● **What the task requires**
Could you return each line from the one bearing "Pinewood Road, Hordle, Lymington, Hampshire, SO41" through the last line of the entries, exactly as it stands, with no pictures?

(Caption-style text data)
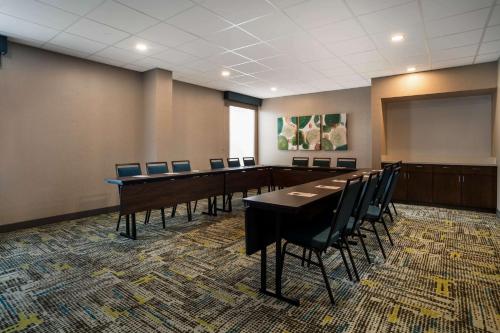 Hampton Inn Gadsden - image 9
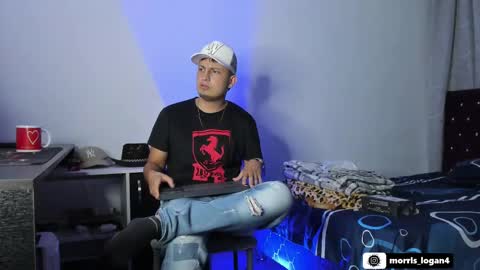 Logan morris online show from February 2025 11:52:02 PM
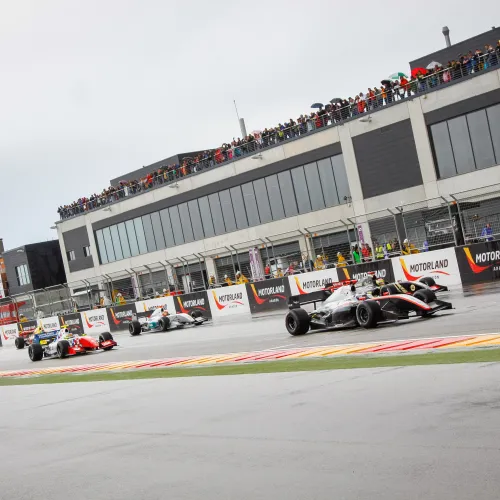 MotorLand vibra un año más con el espectáculo de las World Series by Renault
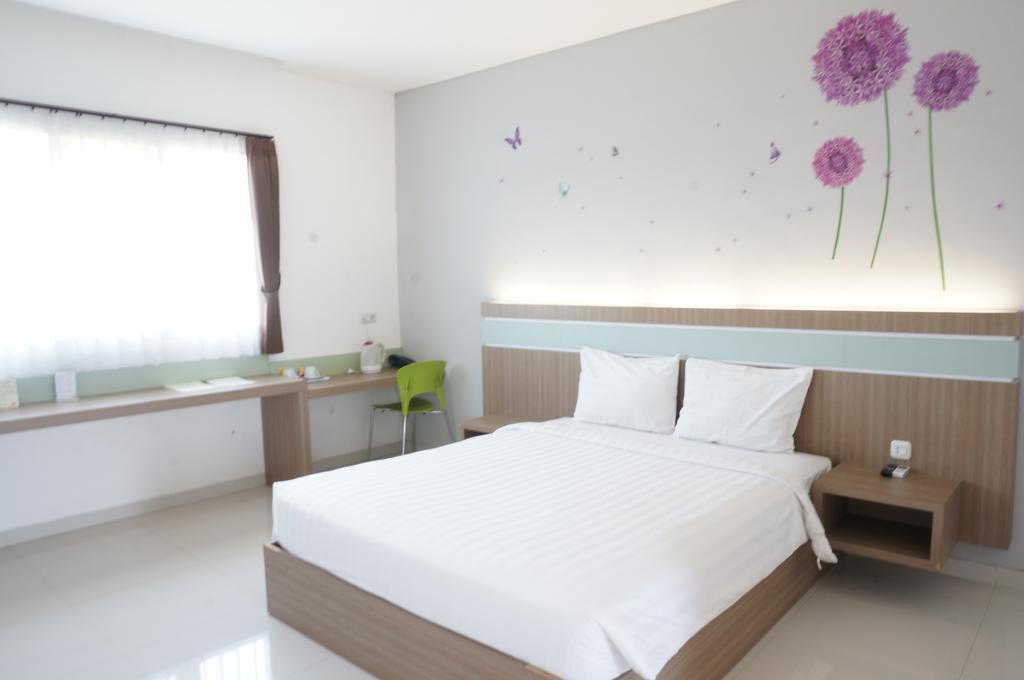 Rumah Cassa Guest House 泗水 客房 照片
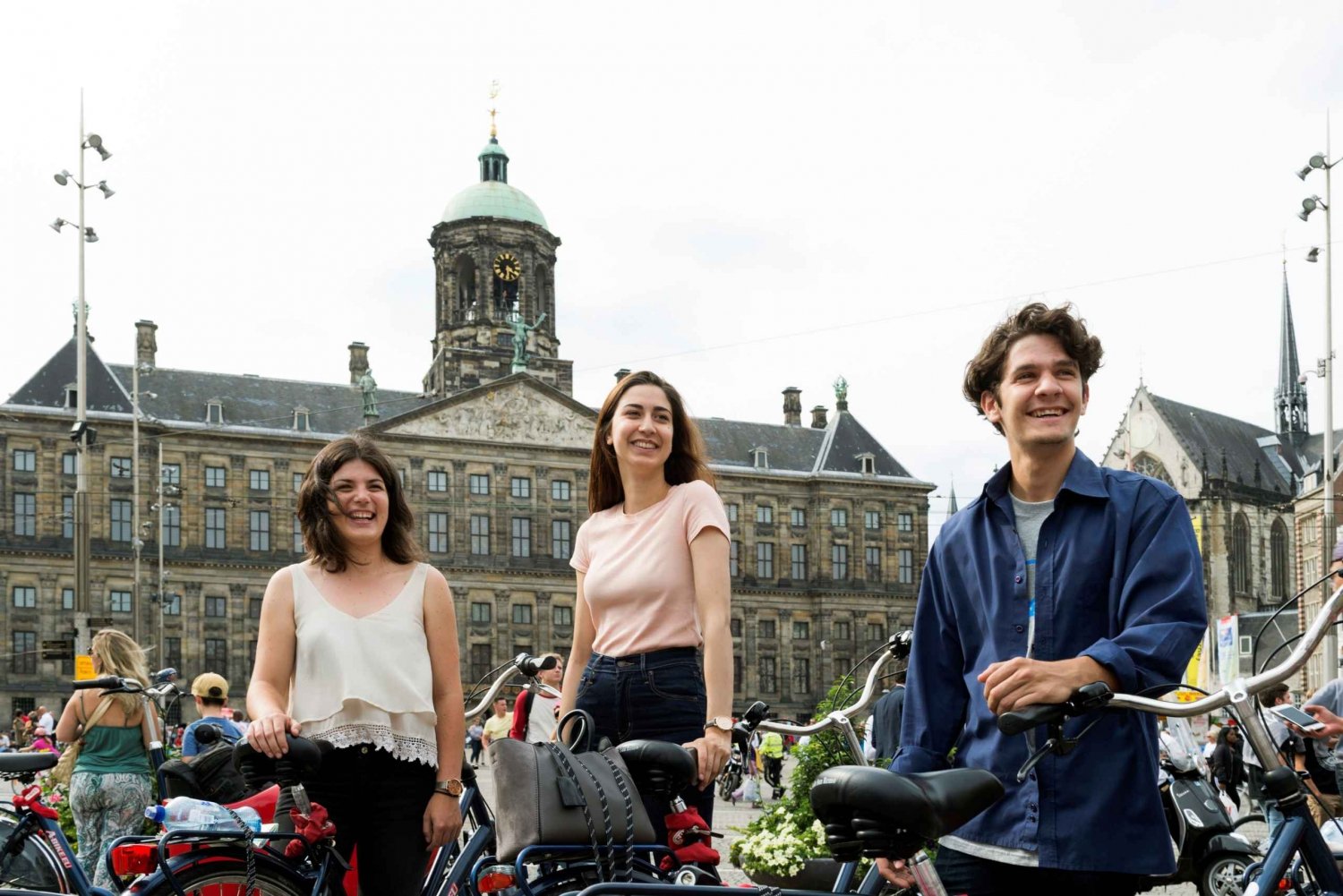 Amsterdam: E-Bike Sightseeing Tour in English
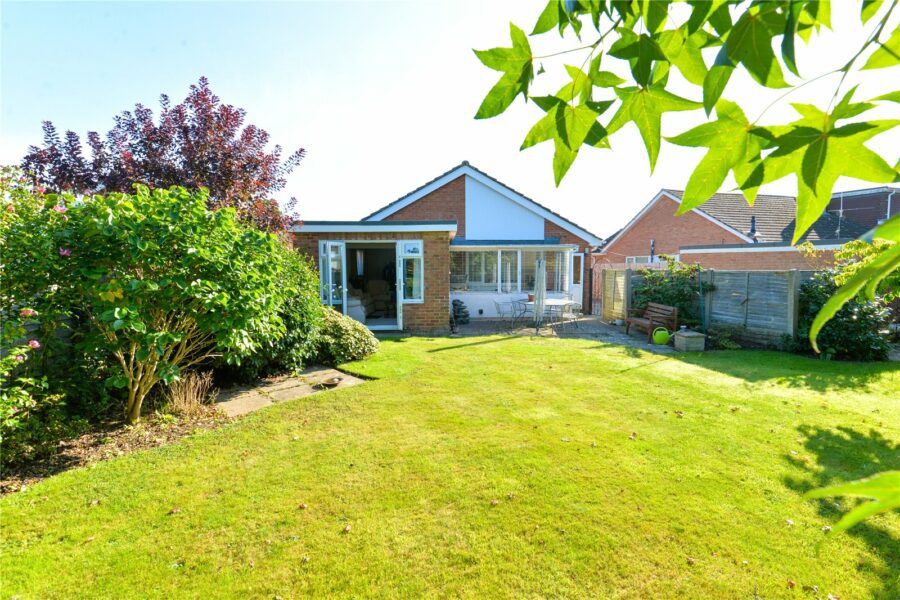 Pinewood Road, Hordle, Lymington, Hampshire, SO41 0GN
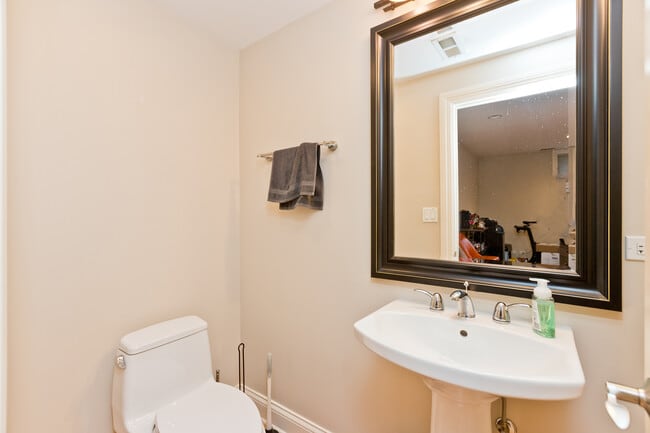 Photo - 2414 W Moffat St Unit #  01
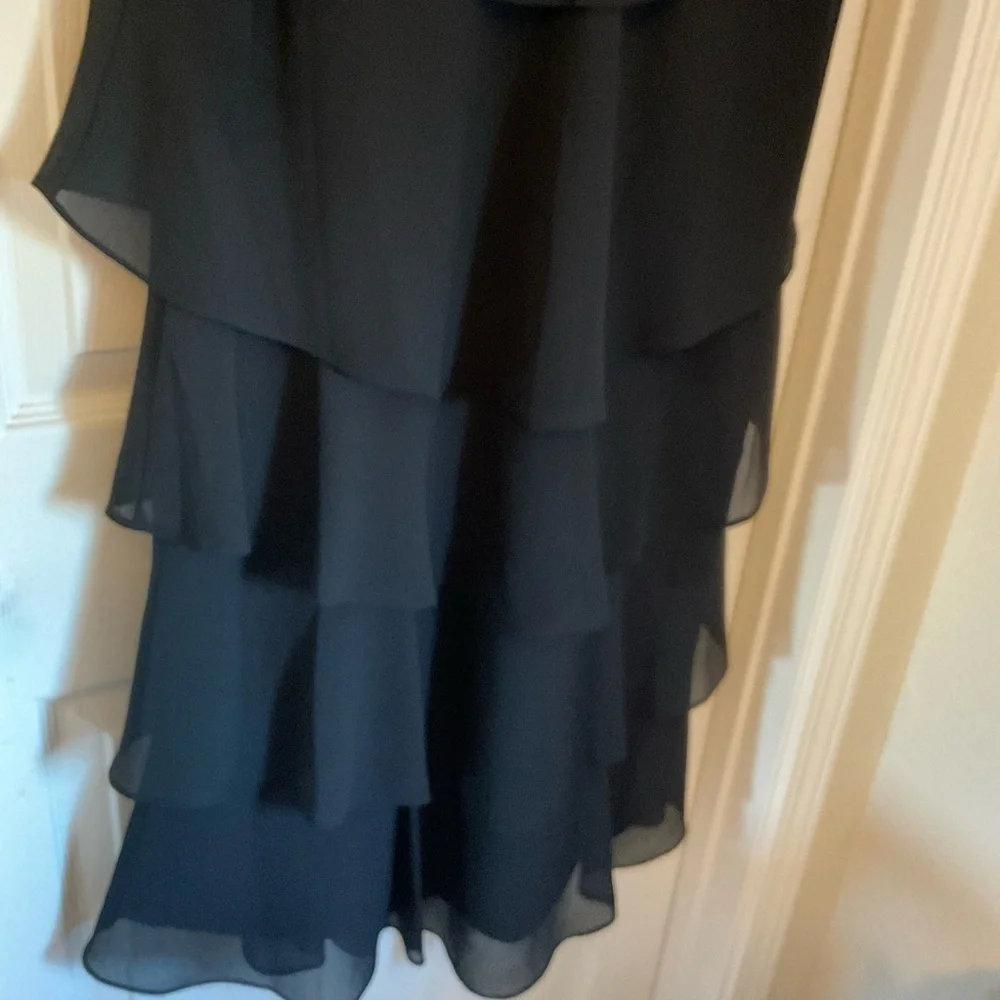 Patra Black Chiffon Tiered Sheath Dress with Capelet Sleeves, Size 16 - Picture 8 of 12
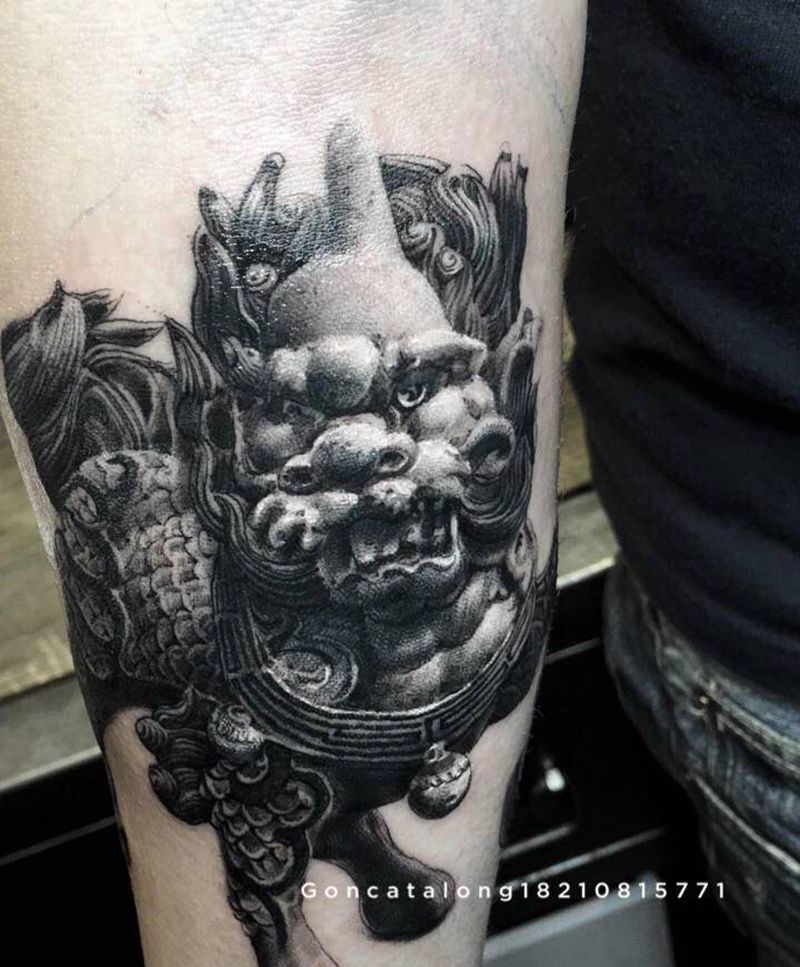 狮子纹身图片_手臂欧美写实纹身图案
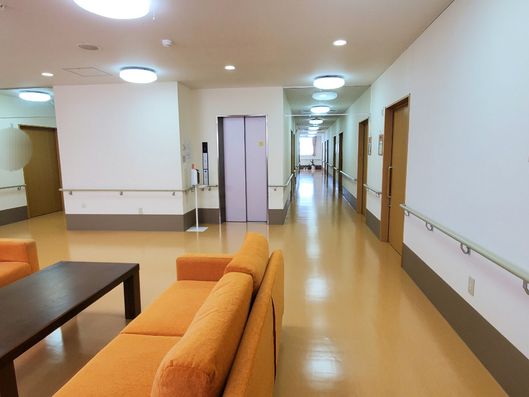 2階エレベーターホールと共用居間（西側）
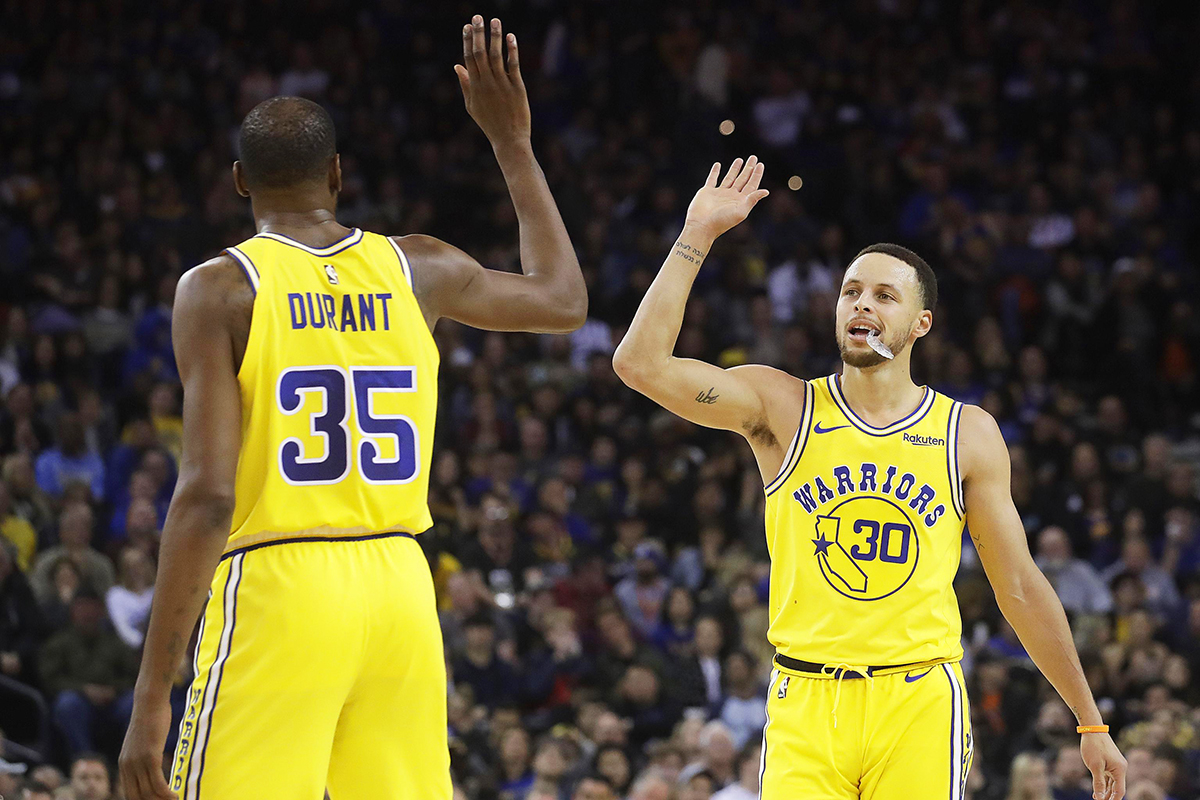 Nếu muốn vững tay đến cú ăn 3 lịch sử, Golden State Warriors cần tránh lặp lại sai lầm này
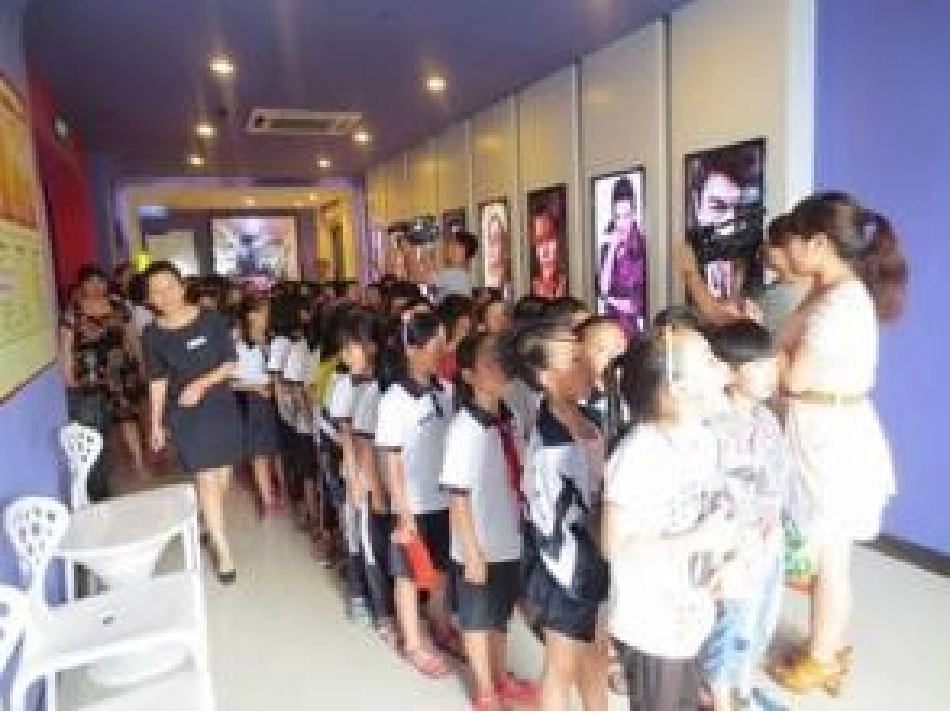 第一课认识前后、左右、上下课件_mao_第2页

● **Solved problem**
 Pinewood Road, Hordle, Lymington, Hampshire, SO41 0GN
 Photo - 2414 W Moffat St Unit #  01
 Patra Black Chiffon Tiered Sheath Dress with Capelet Sleeves, Size 16 - Picture 8 of 12
 狮子纹身图片_手臂欧美写实纹身图案
 2階エレベーターホールと共用居間（西側）
 Nếu muốn vững tay đến cú ăn 3 lịch sử, Golden State Warriors cần tránh lặp lại sai lầm này
 第一课认识前后、左右、上下课件_mao_第2页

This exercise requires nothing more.